Se mi invitano a un matrimonio sono giustificata a non andarci.
Posso accendere il frullatore alle tre del mattino.
Non uso più il verbo “stirare”.
Nessuna tendina alla finestra si frappone più tra me e il mondo esterno.
Non ti mettono i volantini in buca.
Avendo la possibilità di guardare lontano ci sono buone probabilità che la vista migliori.
Contro
I bidoni della spazzatura sono molto lontani, lontanissimi.
Se hai bisogno di un qualsiasi tipo di servizio, aspetti. A volte speri anche.
Se incroci qualcuno che non ti è simpatico non puoi far finta di non vederlo.
Se hai voglia di un gelato tendenzialmente te la tieni.
Se ti rompi una gamba e il cellulare contemporaneamente sei fregato.
I pro superano di gran lunga i contro.
Ok.
Sto qui.
In città avevo una vicina di mansarda molto indigente.
Un dì venne a darmi la buona novella che aveva trovato un lavoretto.
Era felice e preoccupata.
– Sai, adesso che ho qualche soldo mi sono accorta che una serie di cose di cui facevo a meno ora mi sembrano indispensabili. Voglio comprarmi un tostapane. Non è che tra un po’ mi salta in mente di aver bisogno di un’ automobile? –
Il luogo in cui si vive determina i bisogni.

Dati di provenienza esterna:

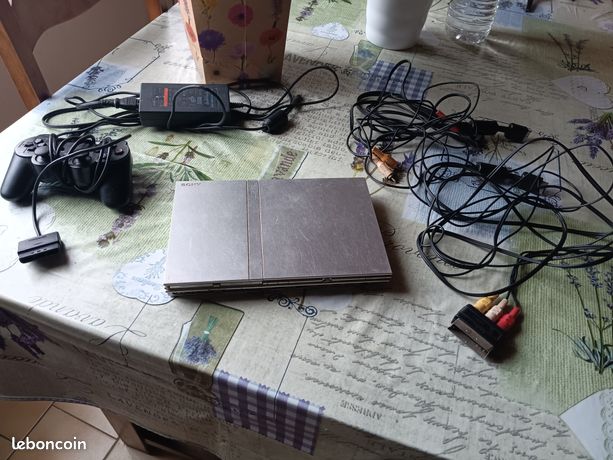 Console Ps2 Ou A Reapre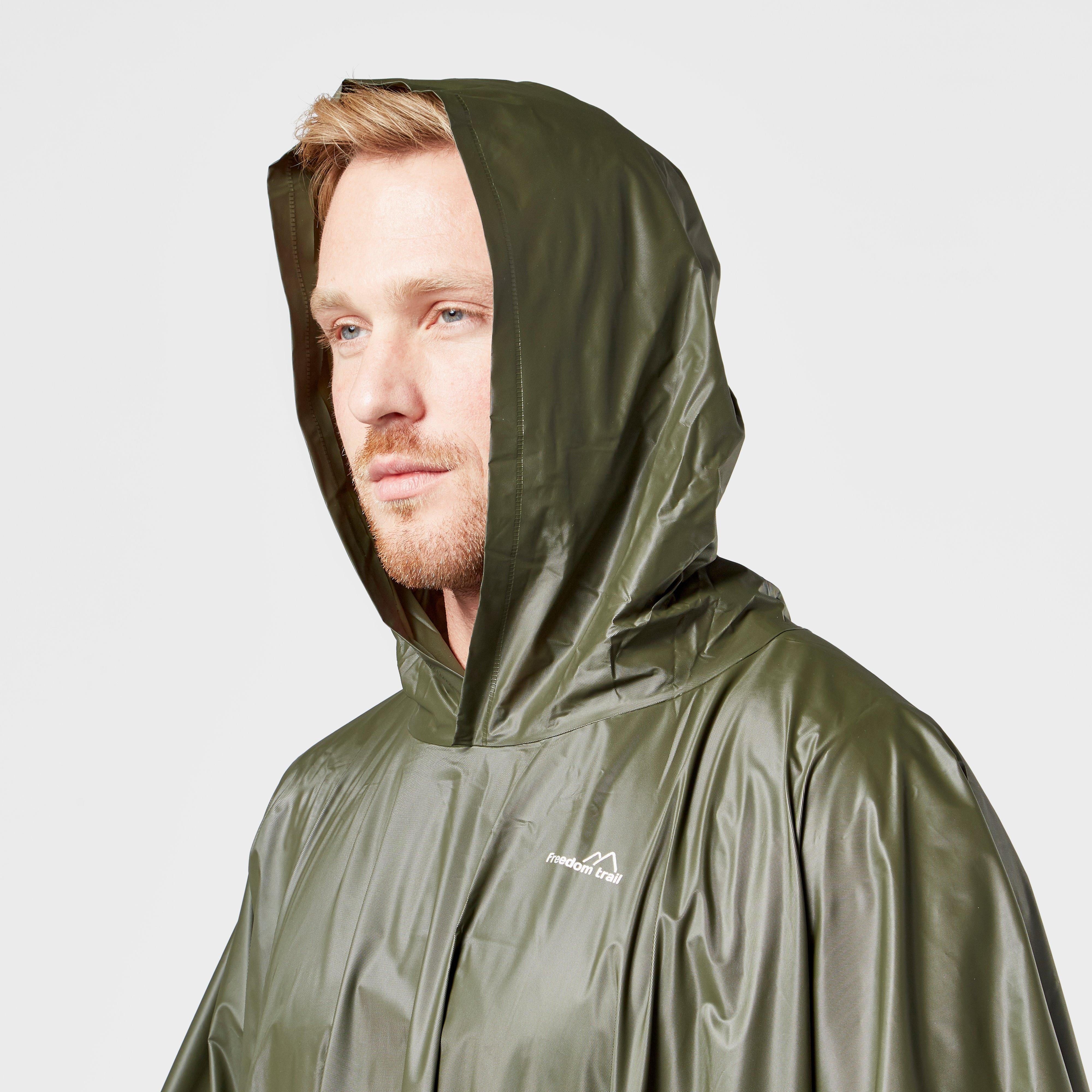 Men's Poncho - Image 4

Di solito, più cose si hanno e più si ha bisogno di averne.
In un eremo immerso nella natura possono accadere due cose opposte.
Se i contatti con il mondo “civile” sono frequenti, le esigenze crescono. Se già erano indispensabili una super connessione, un guardaroba ben fornito, una serie di prodotti per il corpo e l’ammorbidente per il bucato, il dover tener testa alla natura ti tenta a possedere qualsiasi ritrovato moderno per risolvere in fretta e senza fatica una serie di annose faccende. Quindi inizi a guardare i prezzi dei robot tosa-prato, degli spaccalegna automatici, dei soffioni per le foglie e via di questo passo.
Se ti muovi poco e non vedi quasi mai nessuno, invece, anche oggetti e prodotti che sono di uso quotidiano da anni lentamente iniziano a sembrarti superflui.
Dei venti pantaloni che hai nell’armadio ne metti solo più due, usi il sapone di Marsiglia anche per lavarti i capelli e tagliarsi le unghie dei piedi diventa un evento.
Se continuo così, non escludo che un giorno qualcuno venendo qui possa trovarmi vestita di piume di gallina intenta a grattarmi il sedere contro il tronco di un albero emettendo piccoli grugniti di gioia.